Those should work fine. I don't have that particular Nitecore light but I believe they require nipple tops or narrow button top batteries. I know the keeppower protected 3400mAh NCR18650B's will work. I doubt you will see a difference on a 1000 lumen light using a NCR18650B vs a NCR18650GA.



ateupwithgolf said:


> I'm planning to use these: http://www.mtnelectronics.com/index...=59_88&product_id=289&sort=p.price&order=DESC


Those may fit. Or they may be too fat....hit or miss. It seems that the protected NCR18650GA batteries are a little wider. I got 4 Keeppower protected NCR18650GA's and 2 of those 4 would not fit in my lights, but one light which was the Nitecore MT20C. Would also not fit the Nitecore SRT6. EVVA protected NCR18650GA's have the same issue. Markr6 believes its the GA cell is wider. Those that do fit, you can tell they are not very loose. Check out this thread:
http://www.candlepowerforums.com/vb/showthread.php?412664-Keeppower-3500mAh-18650-batteries-too-wide-now-retrofitted


----------



## CelticCross74 (Jan 19, 2016)

the GA's are a touch wider. From what I have read here on the forum EVVA GA's are the fattest. I have switched nearly all my 18650 lights over to Keeppower and Orbtronic GA's and have not had a fitment issue. Only fitment issue with an 18650 I have had was having to slowly work an Orbtronic 3600mah cell into my old PD32 340 lumen. Had to press at the end heard a click as it connected.


----------



## Roadblock45 (Jan 29, 2016)

Just got one of these lights. Ordered it as a set off Amazon with a Nitecore 3400mah sell and Nitecore single 18650 charger. This is my first light a rechargeable battery, upgrade from a Eagle Tac D25A2 Clicky that a I lost.

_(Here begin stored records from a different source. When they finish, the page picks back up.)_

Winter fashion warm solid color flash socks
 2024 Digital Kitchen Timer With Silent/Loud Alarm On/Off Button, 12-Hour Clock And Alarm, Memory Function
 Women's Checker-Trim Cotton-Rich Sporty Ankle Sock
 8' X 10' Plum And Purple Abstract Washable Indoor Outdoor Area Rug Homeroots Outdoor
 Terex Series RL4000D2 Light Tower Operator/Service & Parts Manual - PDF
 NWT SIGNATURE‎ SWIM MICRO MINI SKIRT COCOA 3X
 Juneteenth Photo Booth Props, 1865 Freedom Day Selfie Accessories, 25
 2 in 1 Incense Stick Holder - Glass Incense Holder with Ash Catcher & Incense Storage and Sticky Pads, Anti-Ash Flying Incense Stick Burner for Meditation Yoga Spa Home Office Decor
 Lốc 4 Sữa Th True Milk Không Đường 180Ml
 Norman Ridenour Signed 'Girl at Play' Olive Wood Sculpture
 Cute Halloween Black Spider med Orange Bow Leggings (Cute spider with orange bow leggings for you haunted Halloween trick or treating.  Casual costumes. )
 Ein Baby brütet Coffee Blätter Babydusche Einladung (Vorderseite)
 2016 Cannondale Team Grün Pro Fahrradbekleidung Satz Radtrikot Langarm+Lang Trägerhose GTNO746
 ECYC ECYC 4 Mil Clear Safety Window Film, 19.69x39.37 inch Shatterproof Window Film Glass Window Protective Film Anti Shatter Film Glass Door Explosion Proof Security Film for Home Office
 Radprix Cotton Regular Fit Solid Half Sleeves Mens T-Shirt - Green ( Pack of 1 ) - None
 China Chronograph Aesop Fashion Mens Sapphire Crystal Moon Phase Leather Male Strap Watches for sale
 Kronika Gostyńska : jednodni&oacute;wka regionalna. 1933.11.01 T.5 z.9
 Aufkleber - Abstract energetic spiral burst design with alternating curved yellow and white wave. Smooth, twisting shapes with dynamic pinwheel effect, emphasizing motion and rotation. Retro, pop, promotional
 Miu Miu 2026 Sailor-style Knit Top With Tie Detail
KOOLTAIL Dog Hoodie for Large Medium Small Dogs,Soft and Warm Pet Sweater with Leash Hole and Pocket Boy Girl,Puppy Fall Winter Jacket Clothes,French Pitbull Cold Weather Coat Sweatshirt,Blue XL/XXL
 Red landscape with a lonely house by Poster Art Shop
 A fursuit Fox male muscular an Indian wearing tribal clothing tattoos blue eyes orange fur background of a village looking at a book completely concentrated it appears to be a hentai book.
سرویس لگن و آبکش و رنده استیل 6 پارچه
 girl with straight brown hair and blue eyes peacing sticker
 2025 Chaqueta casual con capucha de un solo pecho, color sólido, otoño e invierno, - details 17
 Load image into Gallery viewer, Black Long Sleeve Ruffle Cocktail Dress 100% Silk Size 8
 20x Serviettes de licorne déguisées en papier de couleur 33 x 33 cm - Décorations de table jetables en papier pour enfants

As I said I ordered the kit that comes with the Nitecore battery but I want a couple more spare batteries. What should I be looking for to get the brightest light with the longest life? Will the charger I got work for whatever I order battery wise? Here is what I got:

http://www.amazon.com/dp/B017KHTJ98/?tag=cpf0b6-20


----------



## Vlada1911 (Feb 11, 2016)

Hiii everybody (Hiii, doctor Nick)! Does anyone here uses Panasonic Protected NCR18650A green 69.7 mm long batteries in their P12gt? Looks like they are too long for I2 charger, so Im gonna have to mod the rails somehow and void the varanty, but if they wont fit the light, I think I just need to order other batteries and save myself that hassle.


----------



## CelticCross74 (Feb 11, 2016)

your i2 should be able to fit the GA np. The Panasonic GA will fit the P12GT just fine.


----------



## Vlada1911 (Feb 11, 2016)

Looks like I must order new ones then 
Edit: Well, I checked the specs, and nitecores 3400mah battery is only 0.5mm shorter. Probably this one will fit.


----------



## CelticCross74 (Feb 11, 2016)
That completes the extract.